Alt-68er treffen auf spießige Jungstudenten: Das ist das Thema der gelungenen deutschen Komödie "Wir sind die Neuen". Eher leidlich unterhaltsam dagegen die amerikanische DVD-Premiere "Liebe und andere Kleinigkeiten". Herrlich absurd dafür die satirsche Doku "Der große Kanton", deren Ausgangsidee überrascht.

Von Jörg Albrecht | 16.07.2014
    Szene aus dem Film "Wir sind die Neuen"
    Spießiger als die Eltern der Alt-68er: die Studenten-WG in der Komödie "Wir sind die Neuen". (dpa / picture alliance / X-Verleih)
    "Habt ihr die Schuhschachteln in der Garderobe gesehen? Die haben ihre Schuhe fotografiert, damit sie wissen, welcher Schuh in welche Schachtel gehört. – Und in dem Flur waren keine Sportsachen, keine Bierflaschen, keine Schlafsäcke – nichts! – An der Küchentür steht 'Mahlzeit!'. Wir waren in der Hölle. Da will ich gar nicht mehr drüber reden."

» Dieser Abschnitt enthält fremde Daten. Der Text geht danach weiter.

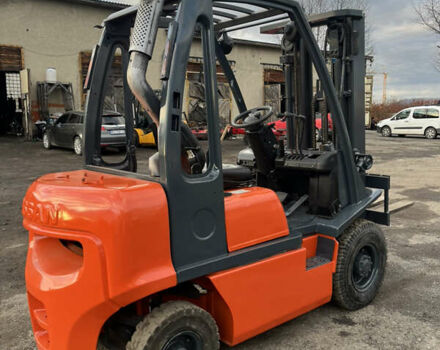 Ниссан ФГ, объемом двигателя 0 л и пробегом 7 тыс. км за 9400 $, фото 3 на Automoto.ua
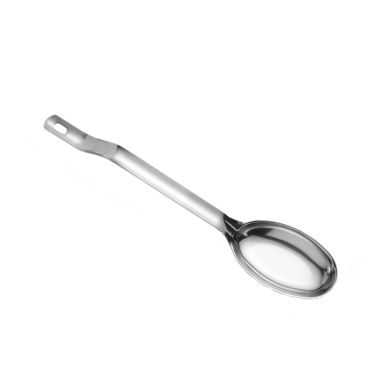 Lilly Codroipo Stainless Steel Pizzaiolo Spoon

    Die Hölle liegt nur ein Stockwerk entfernt über ihrer neuen Wohnung. So haben sich Anne, Eddi und Johannes, die nach 40 Jahren ihre alte Wohngemeinschaft aus Studententagen wiederbeleben, ihre neuen Nachbarn nicht vorgestellt. Katharina, Barbara und Thorsten, alle drei Anfang 20, sind spießiger als die Eltern der drei Alt-68er. Vor allem kann das junge Trio, dessen Lebensinhalt allein aus dem Studium zu bestehen scheint, keine lärmende, womöglich sogar noch hilfsbedürftige Senioren-WG im Haus gebrauchen.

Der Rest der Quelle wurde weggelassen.